Already, in his being there, Fr A has sparked disappointment. Some people miss the ‘great priests of the past’ who were indeed all things to all men and never needed lay people to help them carry out their mission. Others resent the ones who have become involved: “Busy-bodies who should mind their own business” is one verdict on Fr A’s version of lay participation. Too much delegation, or delegation to the ‘wrong’ people arouses resentment.

The disappointed parishioners stir up controversy and opposition to Fr A. The bishop hears and wonders if Ballyblaa might be due a change of priest. And indeed Fr A is moved and Fr B takes his place, who turns out to be an entirely different kettle of (clerical) fish.


Fr B is a well-turned-out and committed priest, who works night and day to improve his church. He presents himself as a professional, smartly dressed and keen on improving every aspect of the parish plant. The formerly disappointed parishioners rejoice in his appointment, but those who were happy with Fr A are now the disappointed ones. Lay parishioners to whom Fr A had given leadership positions now have their services dispensed with and Fr B takes over more and more.

Now the parish has experienced two sets of disappointed people. Inevitably, Fr C will replace Fr B, with more disappointment resulting.

The general question concerns what parishioners do with disappointment. Do they drift elsewhere, stay and fight — or opt out entirely? Truly loyal parishioners have to be really hard-wearing people, able to put up with a lot of change, some of it not to their liking.

The sad truth is that Ballyblaa will one day have no priest. How will its parishioners cope with that ultimate change? And which parishioners will loyally cling to their community, gritting their teeth in the face of this ultimate disappointment, yet striving to keep it alive for a very uncertain future?
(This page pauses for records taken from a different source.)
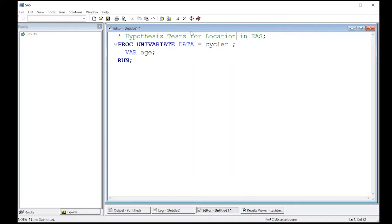Welcome to the SAS video tutorial on hypothesis test for location in SAS. This is part of Statistics 321 at Virginia Commonwealth University. And of course, anybody can use this.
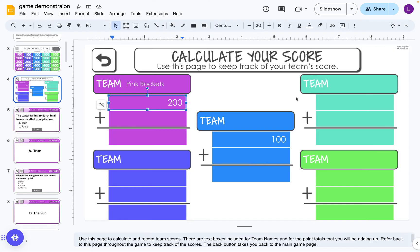You could just do this on paper too. You do not need to use this scorecard unless you want to.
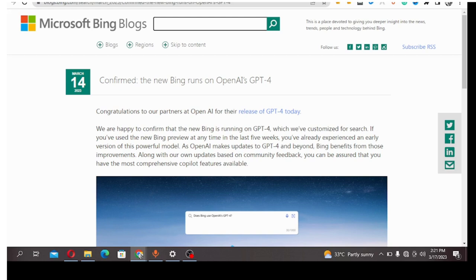What you have to do to start using ChatGPT-4 is navigate to Bing, Microsoft Bing, their search engine, and sign up because they have updated the version of their search engine.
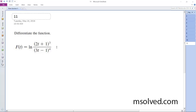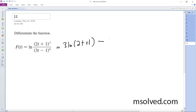To find the derivative, I'll rewrite this first. This is the same thing as 3 ln(2t + 1) minus 4 ln(3t - 1). Now it's a little bit easier to work with.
This was inspired by a letter received from a lay woman who lived in a parish I served in, long years ago. She wrote: “I don’t miss parish involvement at all at this stage. I was disappointed and disillusioned for a while, but that’s in the past. For a brief period, we shared your vision of parish/church and it was good, but I doubt if I’ll ever see it again. That’s sad but realistic. Lay people aren’t really wanted and women are another step behind in the Church, so it’s better to face facts and move on gracefully…”

 for tomorrow
 years hence?

Is it better to involve lay people in the life of the Church and parish – or not? Successors can very easily dispense with lay ministers previously recruited and formed, so are people better off if they are never involved? Or does the experience of involvement in parish life benefit people, for the years ahead when priests will be much scarcer?

Is it worthwhile to sow seeds that will bear fruit in 20 years time, or should one acknowledge that many may be hurt bitterly in the meantime? I don’t know the answer but I often ask the question.